In 1919, eleven-year-old Elizabeth Hughes, daughter of Charles Evans Hughes,
Justice of the Supreme Court, was diagnosed with type 1 diabetes, a death sentence. At the time of her diagnosis, children with T1D survived an average of 11 months after diagnosis. The only “treatment” was the Allen diet, a slow starvation— eating about 400 calories a day from foods like “thrice boiled cabbage” (Total Dietary Regulation in the Treatment of Diabetes).

left: a child with diabetes on the starvation diet right: same child after treatment with insulin (photo credit: trumanlibrary.org)
Fortunately, Elizabeth was among the first American patients to receive insulin in 1922. She grew up, married, had three children, and died at age 73. When her children were young, she never told them she had diabetes, not even after her oldest son witnessed her convulsions from a severe episode of hypoglycemia. In fact, it wasn’t until her children were grown that she took each child aside and told them privately that she had diabetes.
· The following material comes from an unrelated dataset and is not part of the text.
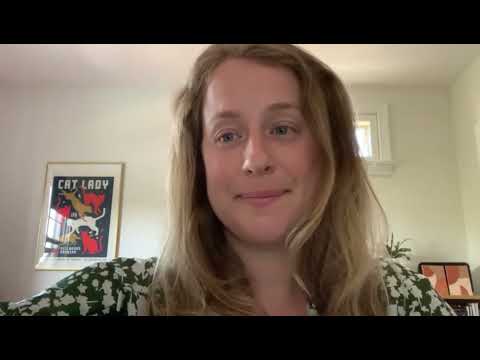 Watch Angelica video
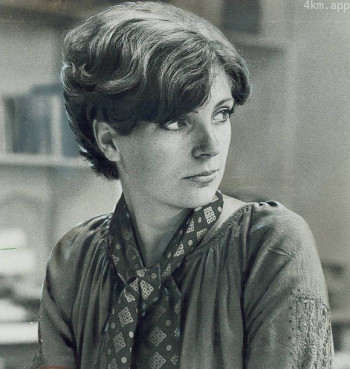 萨拉·博茨福德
Her secrecy made sense. She’d been handed a death sentence at eleven. Even after the discovery of insulin, prognosis wasn’t good. Recently, The New York Times ran an opinion piece, “The End Isn’t Near,” by Dan Fleshler, someone who has been living with diabetes for 53 years. Fleshler was diagnosed at seven, and his doctors weren’t optimistic about his longevity, but he’s healthy and here, yet the looming predictions cut into the quality of his life.
A diagnosis of a disease or a condition creates a stigma, and there’s a deep drive to keep any stigma a secret. However, secrets around disease create misunderstanding, shame, and fear. If people with diabetes and their family members don’t talk about what it’s really like to live with diabetes, then it’s easy for misconceptions such as: “insulin is a cure” or diabetes is “easy” as long as the patient doesn’t eat sugar, to circulate.
It wasn’t until my mid-twenties that I met who someone who was open about T1D. Amy regularly checked her blood sugar and bloused for food without any fanfare and answered all our questions, but I had no idea what it meant to have diabetes. In fact, we were hosting a party, and I made tea sweetened with honey just for Amy, because I knew honey was lower on the glycemic index. I’d thought to measure the honey and let her know how much I used, but I had no idea why it would have been better for Amy to drink something with an artificial sweetener in it, which she did.
A few years later, our son was diagnosed with type 1 diabetes, and I knew we would educate ourselves to help Henry live his life in the best ways we could. However, I thought we’d hunker down and live life with diabetes with relative quietness. And we did for a while, but we started noticing things, like when Henry hears the case of his blood glucose meter being unzipped, he holds out his finger without looking up from his Legos or iPad. We started reading information such as, Type 1 diabetes is increasing by 3% annually and affecting a younger and younger population, with some diagnoses occurring before a first birthday. There’s no disease registry, so T1D can’t be studied in a truly systematic way. Some insurance companies deny coverage for life saving and extending equipment, such as pumps and CGMs, for infants and children. Some schools don’t allow students with T1D to use smart devices, such as an iPod, iPhone, or iPad to help manage blood sugars.
It took me about a year to move from being a parent of a person with diabetes to an advocate for diabetes awareness and research. In fact, I think many parents of children with disabilities, diagnoses, and conditions, to their surprise, define themselves as an advocate after the emergency settles into the daily.
So, for now, we’re speaking up, telling Henry’s story with the simple belief that story and science should work more closely together. This summer insulin turned 93 and Henry turned 5 in September. If we talk about diabetes enough, maybe one day we can talk about it less.